He was not yet seventeen years of age when the opportunity for which he so ardently panted fell in his way. At a town called Chippenham, thirteen miles from Bath, on the London road, a company was collected, under the direction of one of those who, by the courtesy of their own profession, are styled " Country Managers;" but by the sneering licentiousness of the vulgar and illiberal are denominated Strollers. Our Chippenham manager was one who contrived to render himself, during his lifetime, rather notorious than conspicuous by his conduct to his actors, and was the same who has, since his death, been gibetted up to execration by Riley in that curious medley of fact, borrowed anecdote, and invented incident, called "The Itinerant." The name of this extraordinary character, whom Riley has skewered, spitted and roasted with such address under the name of Riggs, was Biggs, and he was the father of a brood of histrions, three of whom were at that time performing in his company; to wit, James, a tolerable low comedian; Binny (we suppose Albina) now Mrs.
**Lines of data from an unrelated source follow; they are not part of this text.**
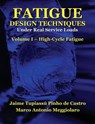 Fatigue Design Techniques: Vol. I - High-Cycle Fatigue - Marco Antonio Meggiolaro - 9781530795420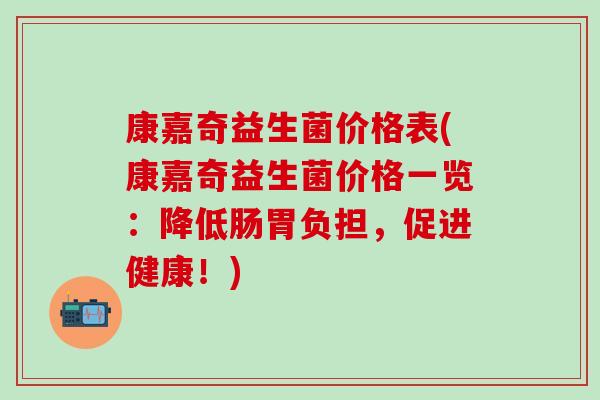 康嘉奇益生菌价格表(康嘉奇益生菌价格一览:降低肠胃负担,促进健康!) 康嘉奇益生菌价格表(康嘉奇益生菌价格一览:降低肠胃负担,促进健康!)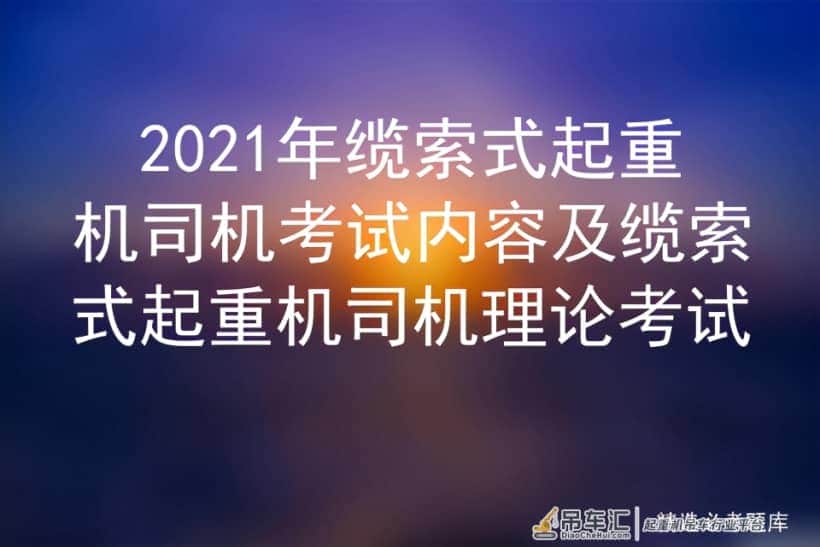 2021年缆索式起重机司机考试内容及缆索式起重机司机理论考试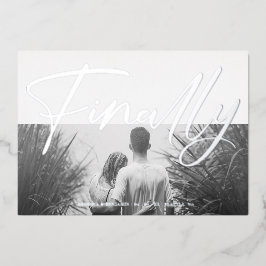 Minimalist Black & White Funny Finally Quote Photo 箔招待状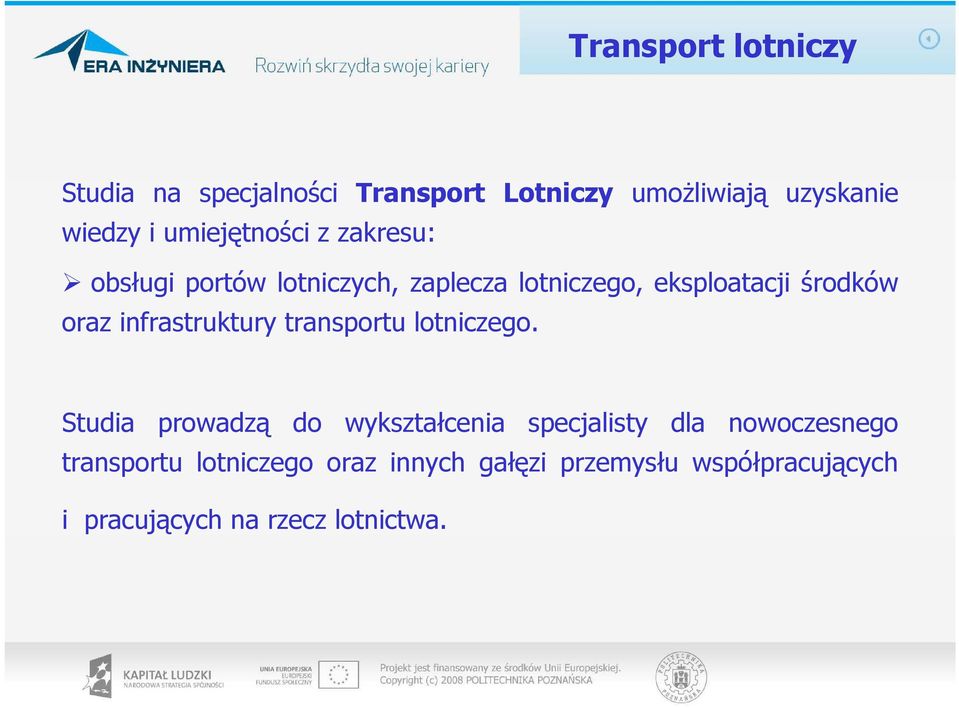 infrastruktury transportu lotniczego.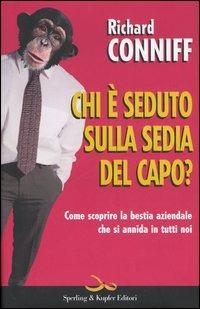 Chi è seduto sulla sedia del capo? - Richard Conniff - copertina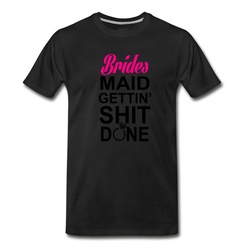 Men's Bridesmaid Gettin Shit Done T-Shirt - Black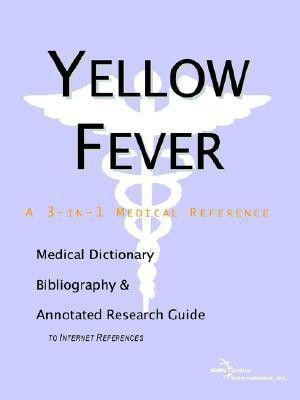Yellow Fever - A Medical Dictionary, Bibliography, and Annotated Research Guide to Internet References(English, Paperback, Icon Health Publications)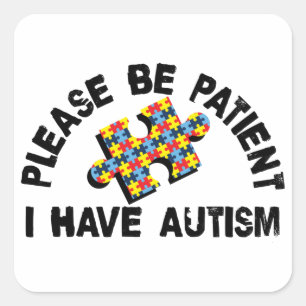 Sticker Carré Soyez Patient J'Ai Sensibilisation sur l'autisme P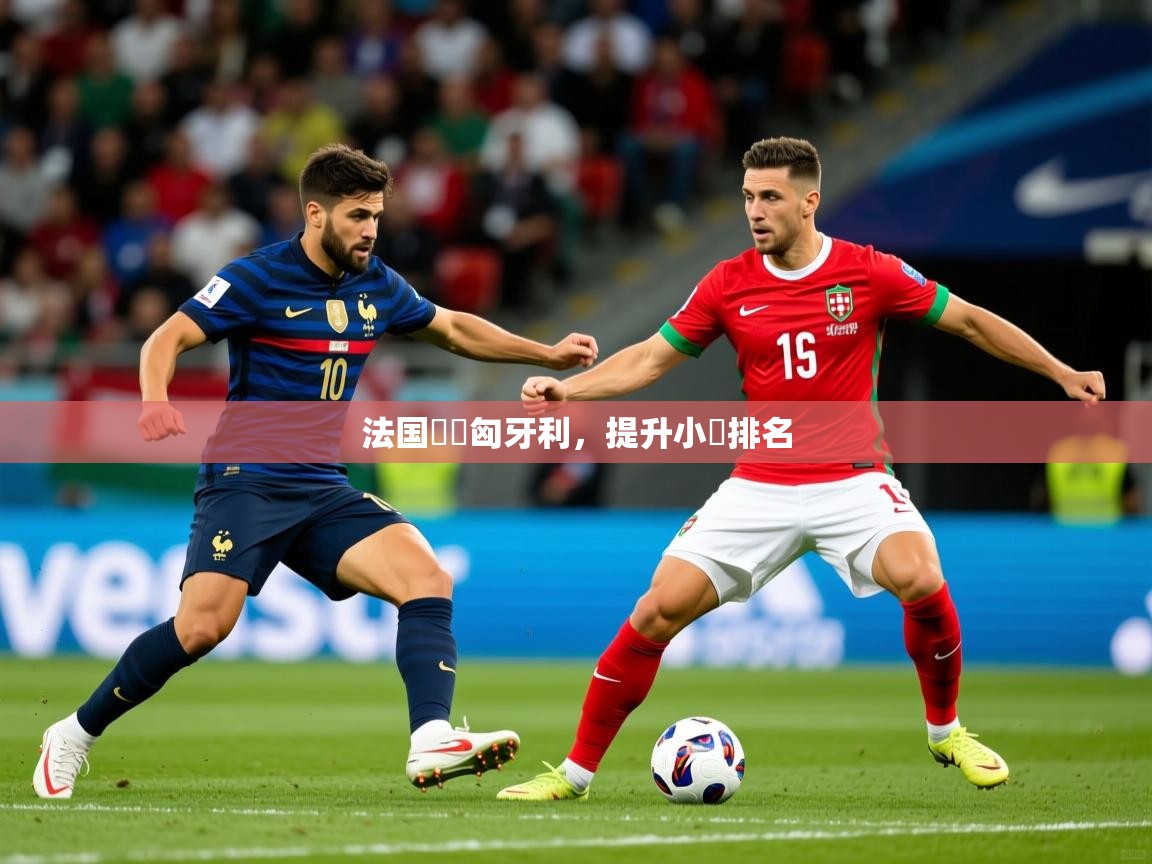 2025ued体育网页版法国擊敗匈牙利,提升小組排名  第2张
Grove; and Anne, who first as Miss Biggs, and now as Mrs. Young, has for several years been one of the prime favorites of the 'London audience, and is unquestionably a conspicuous ornament to the stage.

There being no newspaper published at Chippenham, Biggs advertised his performances in the Bath papers; some of which falling into the hands of Warren and his associates, they formed the resolution of setting off for Chippenham and offering themselves to the manager. They did so. Warren being desired by Biggs to give him a specimen of his qualifications, spoke one of the speeches of young Norval, to which the other having listened very attentively, declared it to be admirable; and expressed the most perfect satisfaction not only at the delivery but the action of our youngster. "I should have had no great cause to plume myself upon his approbation," said Warren, "if I had then known as much as I did afterwards; for Biggs knew no more whether I was right or wrong than the meanest candlesnuffer in his employment." Whatever foundation there was for Biggs's favorable

opinion, it had at least the happy effect of procuring our youth a welcome reception into the company; and might have been also, in some respect, an inducement with Biggs to receive on trial Warren's companions, who were not equally intitled to approbation.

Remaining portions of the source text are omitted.